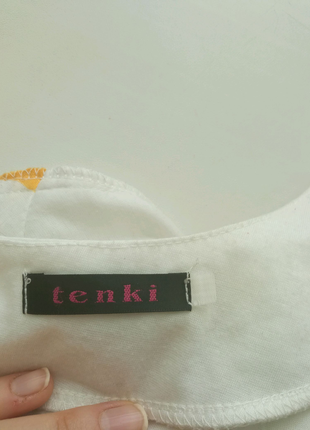 Туніка кофта жіноча біла з маками осінь-весна б/у tenki4 фото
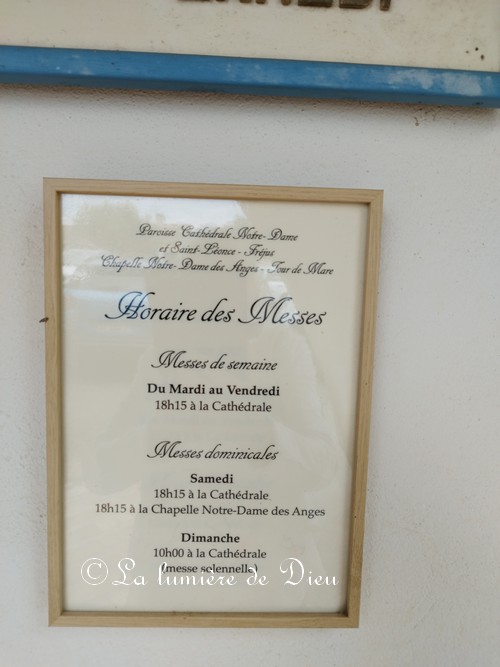 Fréjus, la chapelle Notre-Dame des anges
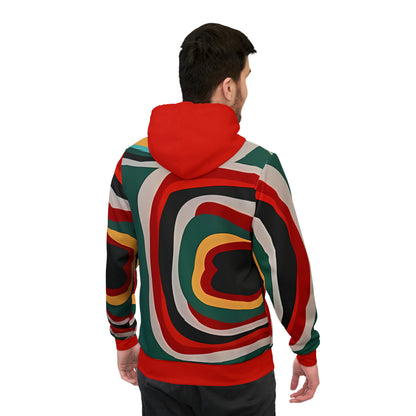 BOLD STROKES RED PULLOVER ATHLETIC HOODIE UNISEX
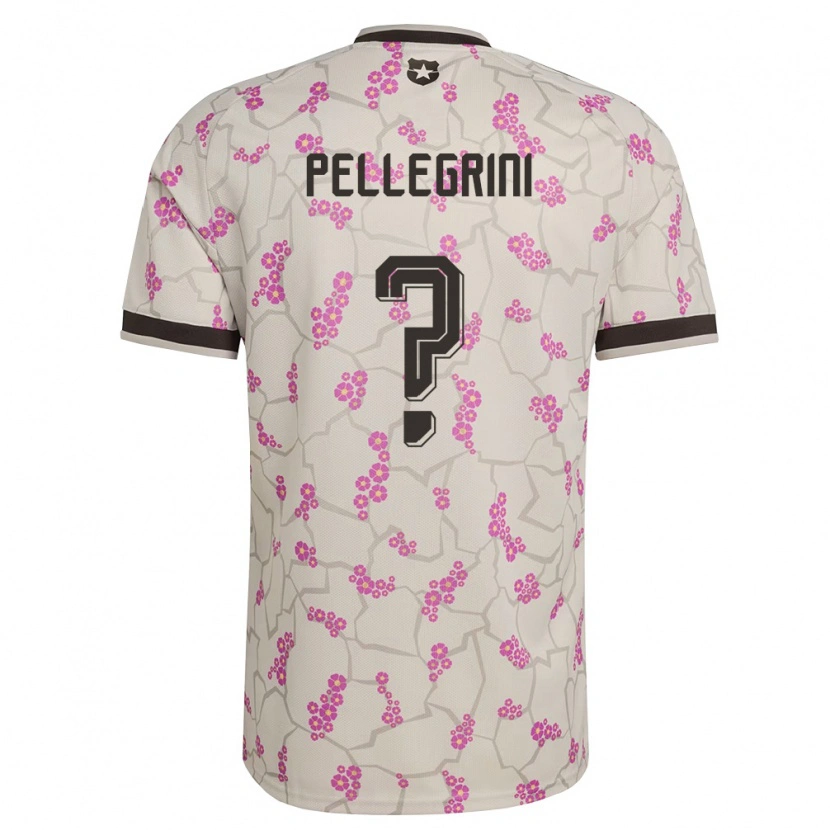 Danxen Niño Camiseta Chile Maya Pellegrini #0 Blanco Púrpura 2ª Equipación 26-28 La Camisa México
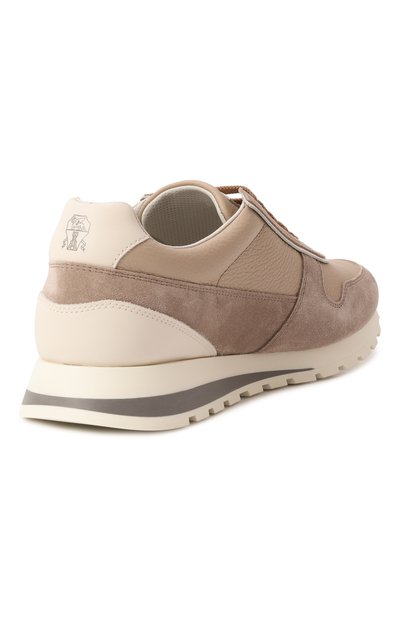 Кожаные кроссовки BRUNELLO CUCINELLI, арт. MZUESLA289, фото 5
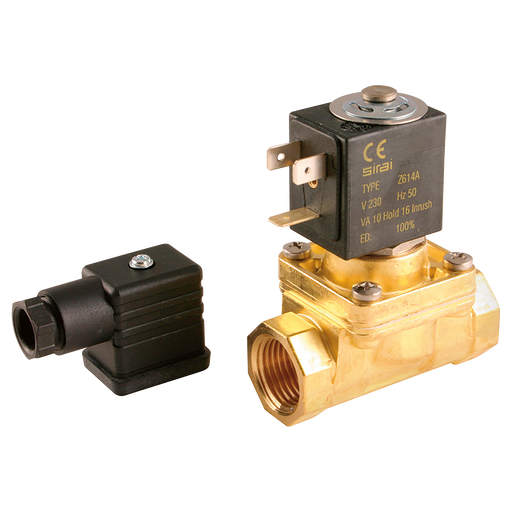 1" 2/2 Nc Steam/Water Valve 110V 50Hz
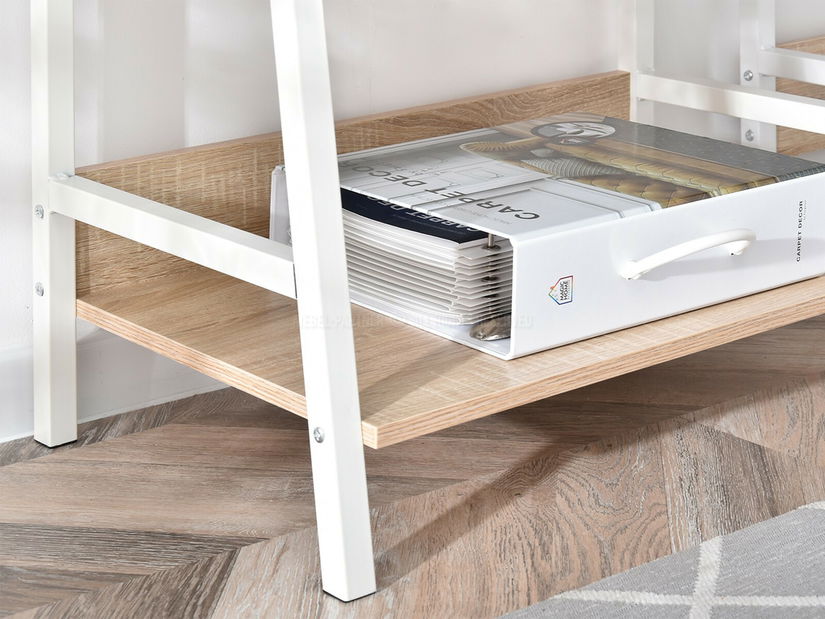 Regál Boge R (dub + biela)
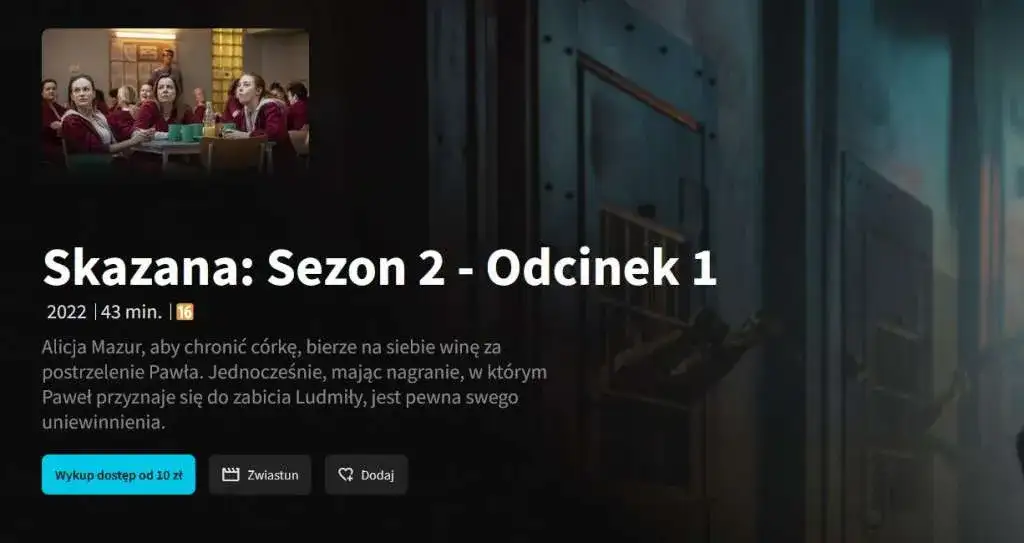 Ile odcinków ma drugi sezon Skazanej? Zaskakujące szczegóły!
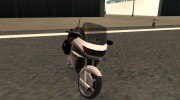 New Police Bike в стиле SA para GTA San Andreas miniatura 4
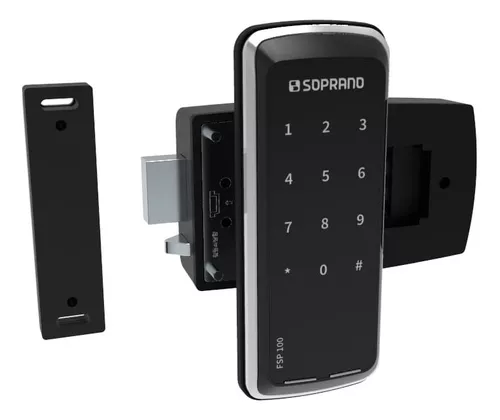 Fechadura Digital De Sobrepor Fsp100 - Soprano #Mercadolivre 🇧🇷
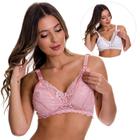 KIT 2 Sutiãs Amamentação Pós Parto Lingerie Gestante Estilo Sedutor - V164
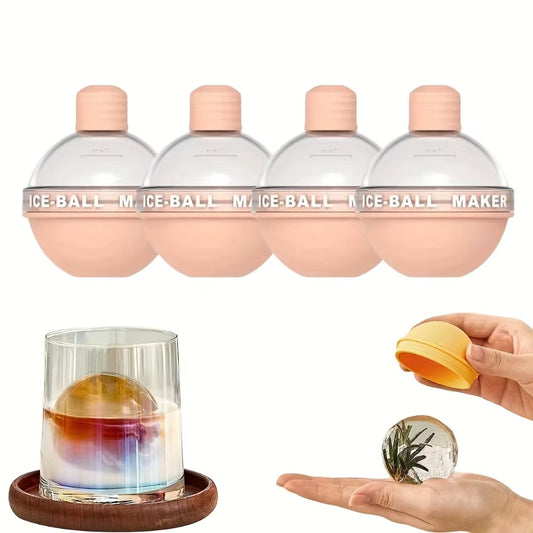 Spherical Ice Molds, Perfect for Making Colorful Ice Hockey for Whiskey or Cocktails，Reusable and Perfect for DIY Production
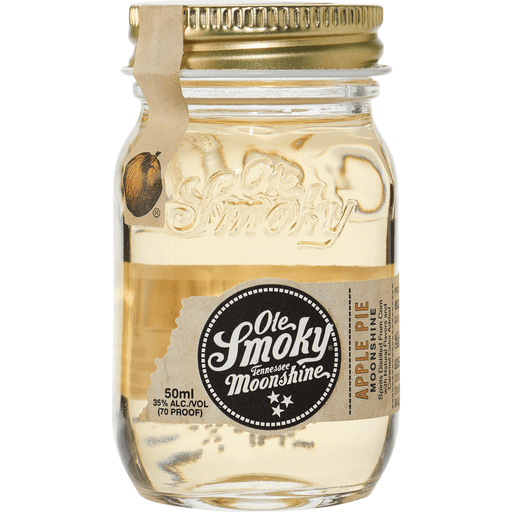 slide 1 of 1, Ole Smoky Moonshine Apple Pie Tennessee Moonshine 50ml, 50 ml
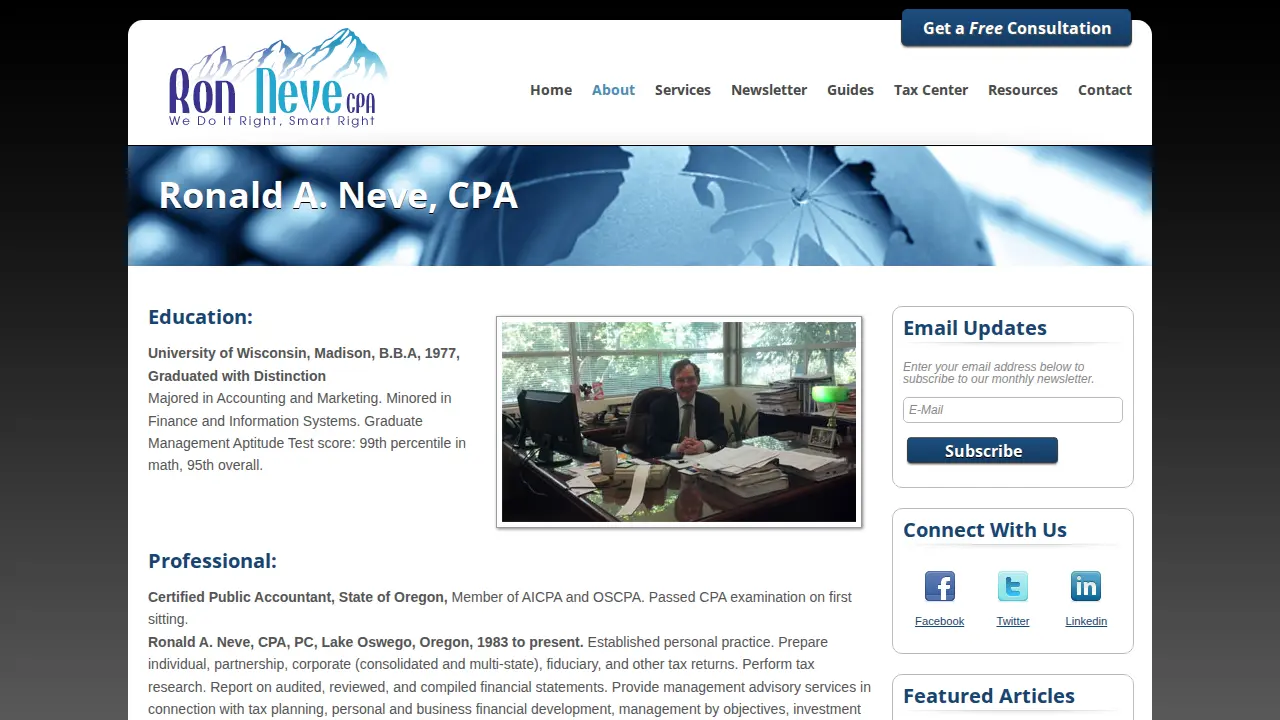 Ronald A. Neve, CPA, PC page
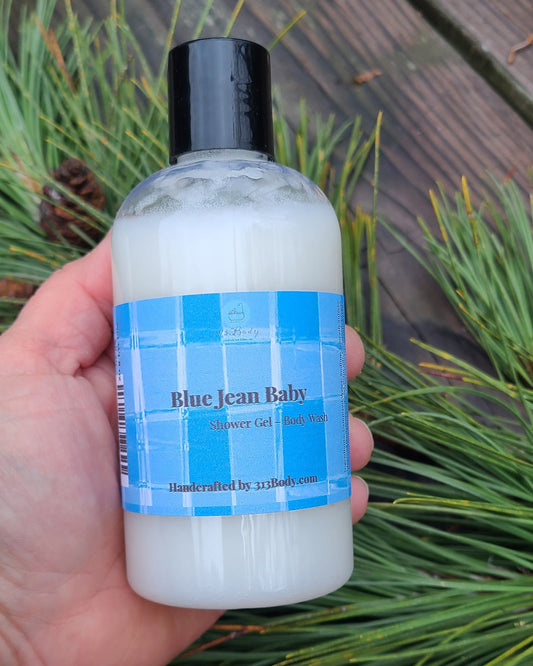 Blue Jean Baby Scented Shower Gel & Body Wash DYE FREE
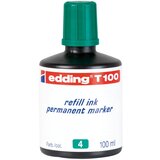 Edding Permanent mastilo T-100, 100ml zelena Cene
□ □ □
• Task to carry out
The records above are to be reproduced exactly; the pictures are to be left out.

• Response to this task
 Туніка кофта жіноча біла з маками осінь-весна б/у tenki4 фото
 Fréjus, la chapelle Notre-Dame des anges
 BOLD STROKES RED PULLOVER ATHLETIC HOODIE UNISEX
 Danxen Niño Camiseta Chile Maya Pellegrini #0 Blanco Púrpura 2ª Equipación 26-28 La Camisa México
 Кожаные кроссовки BRUNELLO CUCINELLI, арт. MZUESLA289, фото 5
 1" 2/2 Nc Steam/Water Valve 110V 50Hz
 Regál Boge R (dub + biela)
 Ile odcinków ma drugi sezon Skazanej? Zaskakujące szczegóły!
 New Police Bike в стиле SA para GTA San Andreas miniatura 4
 Fechadura Digital De Sobrepor Fsp100 - Soprano #Mercadolivre 🇧🇷
 KIT 2 Sutiãs Amamentação Pós Parto Lingerie Gestante Estilo Sedutor - V164
 Spherical Ice Molds, Perfect for Making Colorful Ice Hockey for Whiskey or Cocktails，Reusable and Perfect for DIY Production
 slide 1 of 1, Ole Smoky Moonshine Apple Pie Tennessee Moonshine 50ml, 50 ml
 Ronald A. Neve, CPA, PC page
 Blue Jean Baby Scented Shower Gel & Body Wash DYE FREE
 Edding Permanent mastilo T-100, 100ml zelena Cene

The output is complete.